COLLECTED DATA:
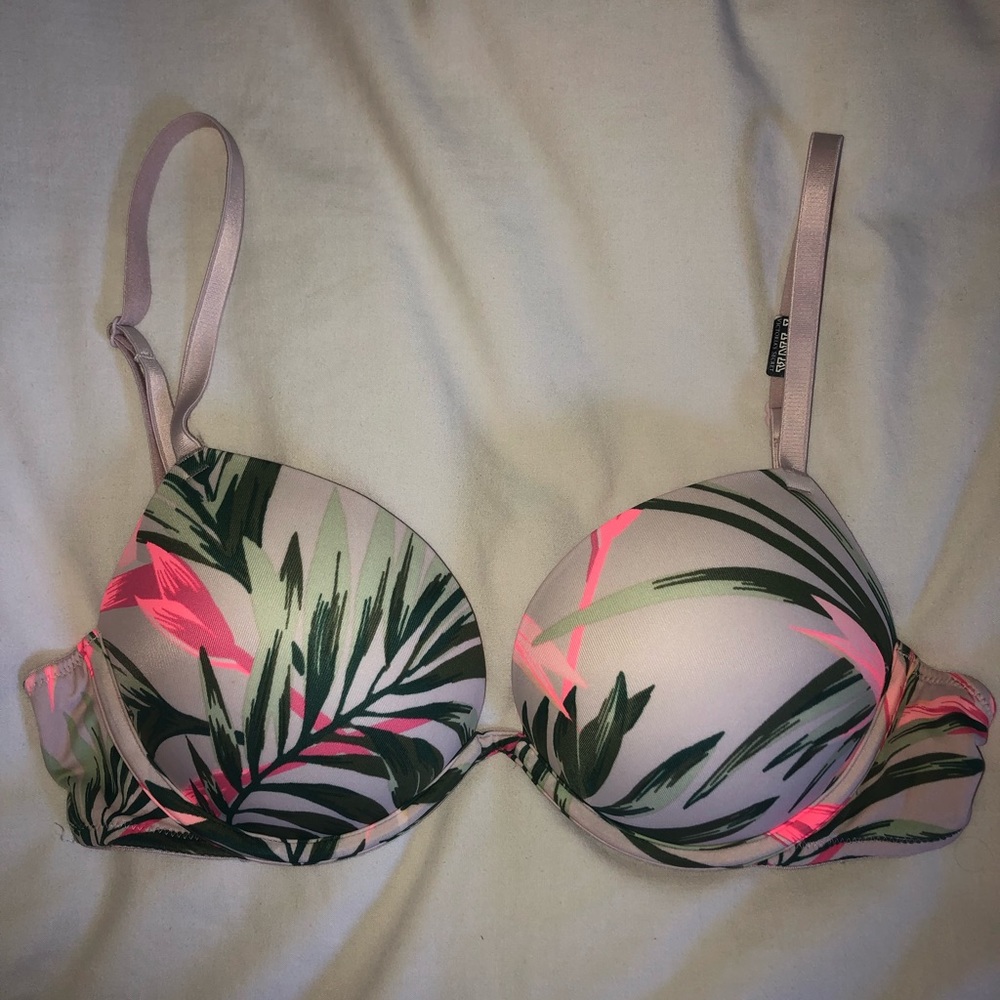 NWOT VSPINK Bra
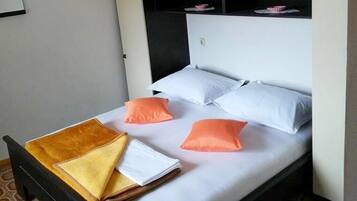 1 chambre, accès Internet, draps fournis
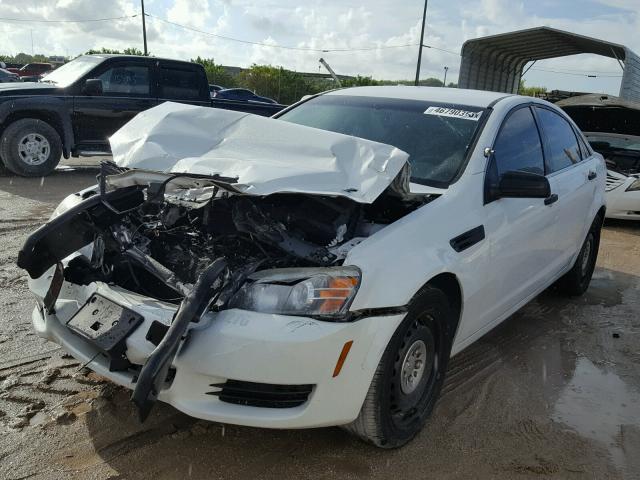 6G1MK5U24CL623575 - 2012 CHEVROLET CAPRICE PO WHITE photo 2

YOUR ASSIGNMENT:
The entire listing is to be printed exactly, with each picture omitted.

COMPLETED EXERCISE:
 NWOT VSPINK Bra
 1 chambre, accès Internet, draps fournis
 6G1MK5U24CL623575 - 2012 CHEVROLET CAPRICE PO WHITE photo 2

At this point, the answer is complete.